Потом мы снова увидим и тот же самый трактир, и ту же самую — гниющую и вечную — мусорную кучу, и такого же молоденького полового с ведром помоев в руках. Только лицо у него будет не задумавшееся, а озлобленное. А сам Вокульский, постаревший лет на двадцать, будет стоять чуть поодаль — задумавшийся, как тогда. В мертвом ми ре застыло и само время, все возвратилось на круги своя: что толку в его миллионах, раз куча все на месте?..
«...Живи еще хоть четверть века — Всё будет так. Исхода нет».
Нет исхода, и некуда ему приложить свои силы: «люди незаурядные наталкиваются на тысячи препятствий». Еще один поворот, еще одна модификация постоянной темы Войцеха Хаса. Темы одиночества человека во враждебном ему мире.
Выделив из многопланового романа только эту одну, близкую ему как художнику тему, Хас-режиссер разработал ее глубоко и интересно. Разработал, однако, чисто режиссерскими средствами, независимо или почти независимо от драматургии фильма. Ибо как драматург он выделил из романа лишь его несущую конструкцию, сюжетный костяк, в остальном ограничившись системой намеков и обозначений. Фильму не хватает цельности. Не хватает широты дыхания. Ему многого не хватает.

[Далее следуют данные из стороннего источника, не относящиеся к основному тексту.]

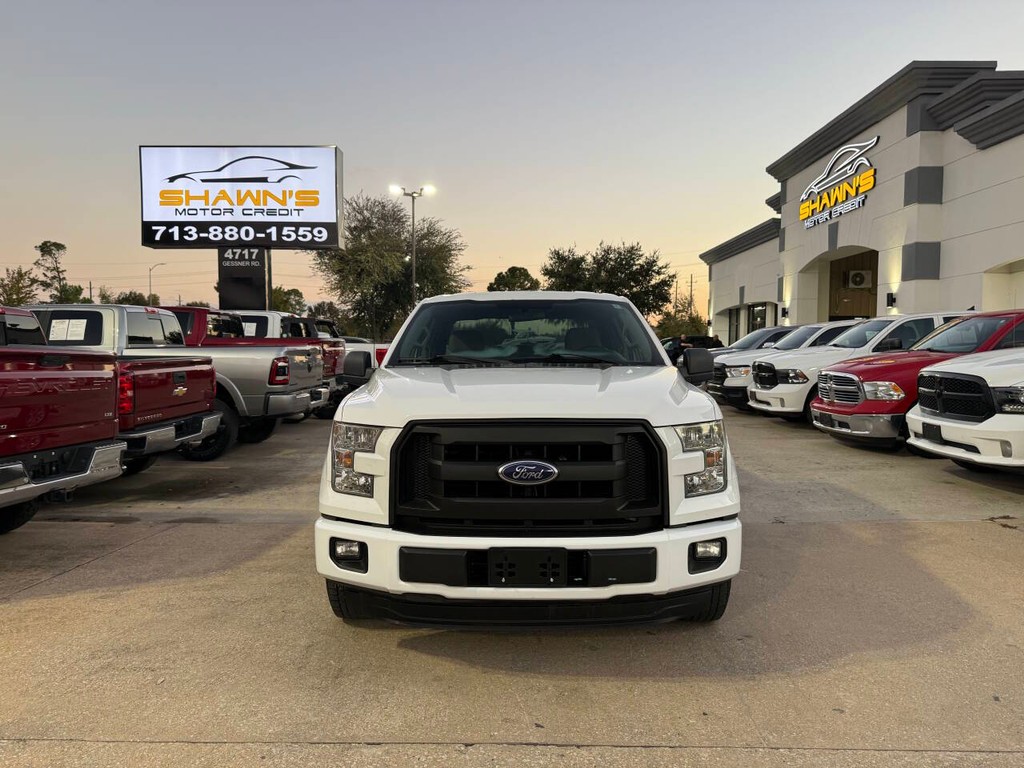 Ford F-150 Vehicle Full-screen Gallery Image 37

И все же как-то рука не поднимается кинуть за это в Хаса камень. Ведь экранизация таких эпических гигантов, как «Кукла», это тоже своего рода расшибанье лбов о стену (см. ссылку на Достоевского в начале статьи)» (Березницкий, 1972: 127-139).
(Березницкий Я. «Кукла» // На экранах мира. Вып. 3. М.: Искусство, 1972. С. 127-139).